* ABOUT THIS TASK *
Once the line with "[WEBINAR] Criminologia corporativa, compliance" is found, write it out along with every line after it, exactly, up to the last line of the entries below. Exclude pictures.
- - -
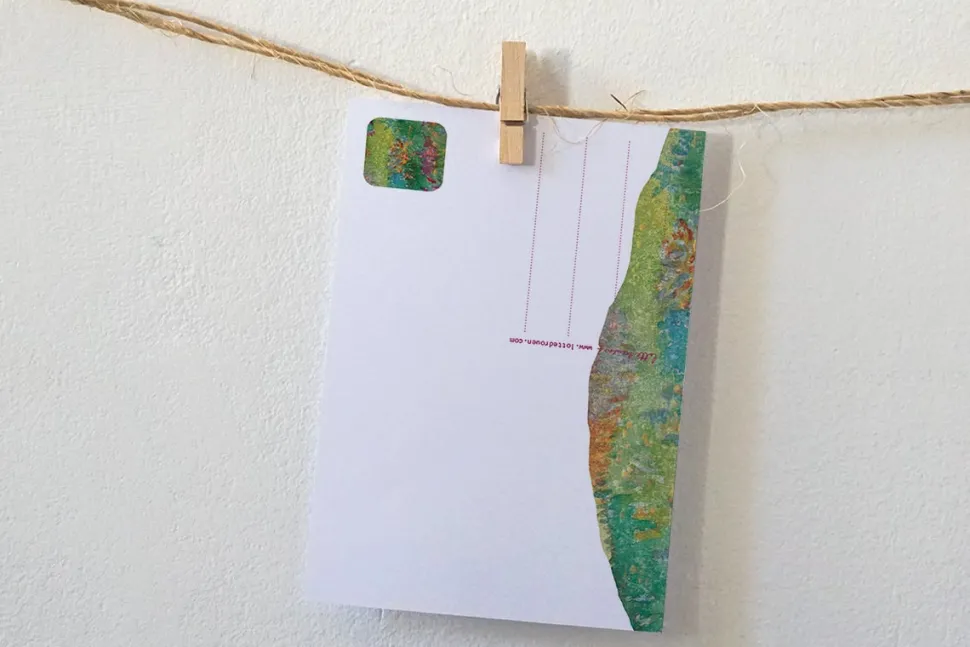 Lotte Drouen Ansichtkaart Beer op Bakfiets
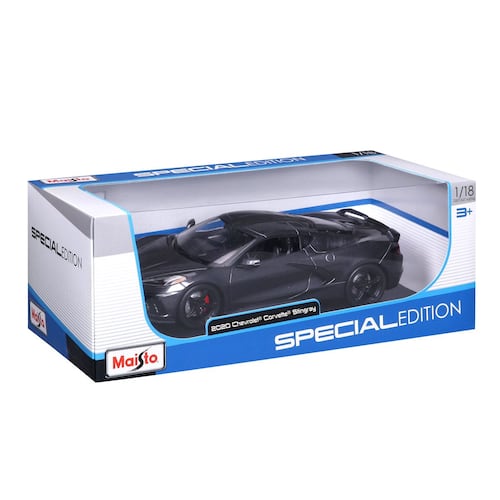 1:18 2020 Chevrolet Corvette Stingray Coupe Gris Metálico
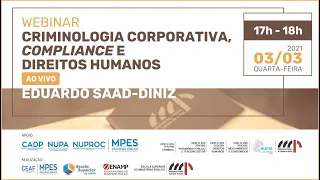 [WEBINAR] Criminologia corporativa, compliance e Direitos Humanos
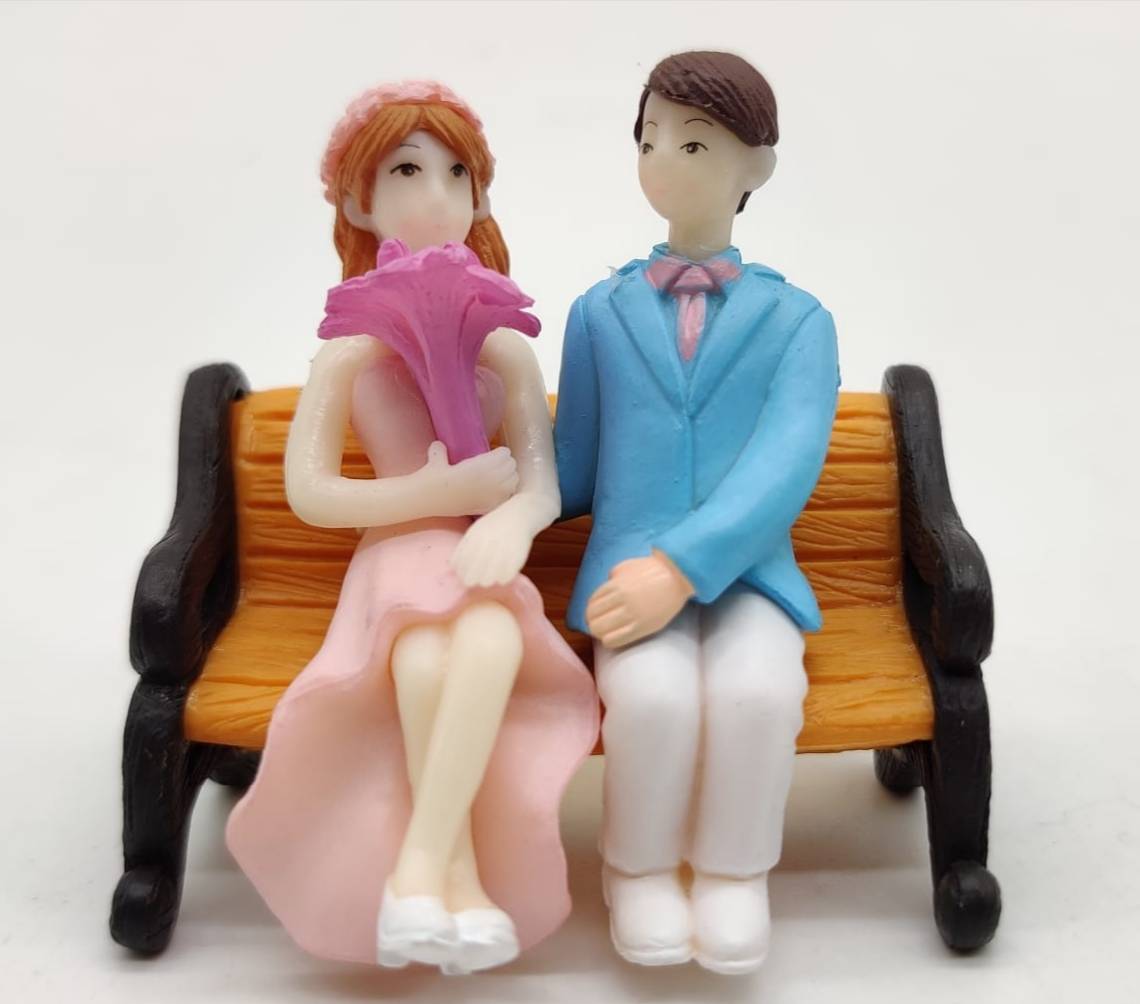 Miniature Couple Park Bench
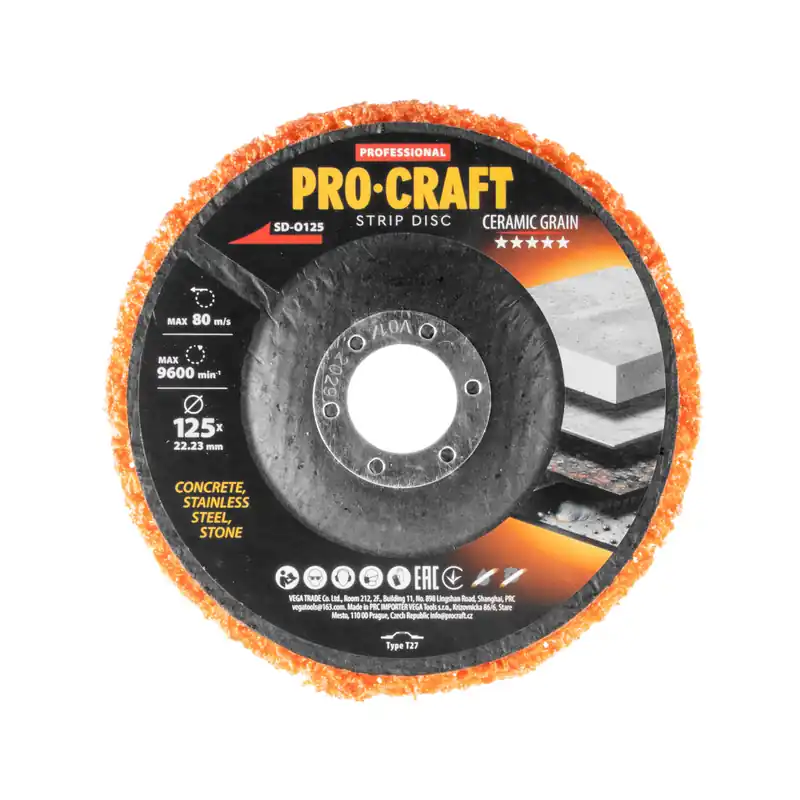 Kotouč brusný Clean & Strip Procraft SD-O125 SD-O125 Akce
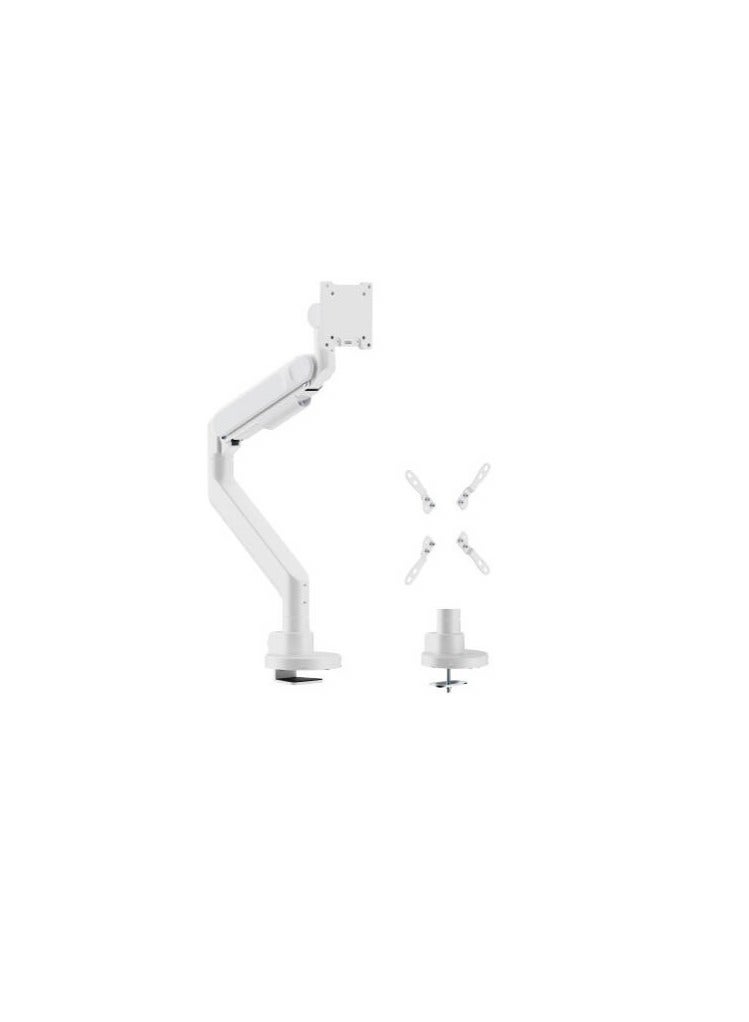 نيوستار ذراع حامل الشاشة Newstar 91-LDT92C012، يناسب شاشات من 24" إلى 57"، بسعة تحمل قصوى للوزن تصل إلى 27 كجم، لوحة VESA قابلة للفصل، آلية توتر نابضة مدمجة، توقف دوران بزاوية 180°، أبيض | 91-LDT92C012 - Image 1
- - -
* WRITTEN REPLY *
 [WEBINAR] Criminologia corporativa, compliance e Direitos Humanos
 Miniature Couple Park Bench
 Kotouč brusný Clean & Strip Procraft SD-O125 SD-O125 Akce
 نيوستار ذراع حامل الشاشة Newstar 91-LDT92C012، يناسب شاشات من 24" إلى 57"، بسعة تحمل قصوى للوزن تصل إلى 27 كجم، لوحة VESA قابلة للفصل، آلية توتر نابضة مدمجة، توقف دوران بزاوية 180°، أبيض | 91-LDT92C012 - Image 1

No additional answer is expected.